Pairing the RTX 4080 with the oldest CPU of our test hardware ends up yielding worse performance than a 3080 with any of the newer CPUs. In fact, the 4080 with the 8700K only beats the 3080 with the same CPU by 10%. Using those same GPUs with the 7800X3D, you'd see a 36% increase in gaming performance — versus a 28% improvement on the 13900K, and 17% with the 11900K.

This shows one of the most important lessons when it comes to contemplating what to upgrade. If you have an older CPU, moving to the fastest (or second fastest) graphics card may not give you a significant performance boost, particularly at lower resolutions and settings. You want to keep at least some level of balance between the two core components of a gaming PC.

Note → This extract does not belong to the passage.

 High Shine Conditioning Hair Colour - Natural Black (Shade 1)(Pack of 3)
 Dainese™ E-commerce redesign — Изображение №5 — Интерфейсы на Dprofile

On the other hand, a new CPU will only do so much if you have a slower GPU. The RTX 3050 8GB card ranks at the bottom of the charts, regardless of which CPU you use. Going from a seven years old 8700K to a newer CPU only nets at best a 7% improvement in performance. All four systems with the RTX 2080 are the next step up in the charts, indicating they're generally not hitting major CPU limitations yet. It's only with the 3080 and 4080 that the CPU begins to be a bigger limiting factor.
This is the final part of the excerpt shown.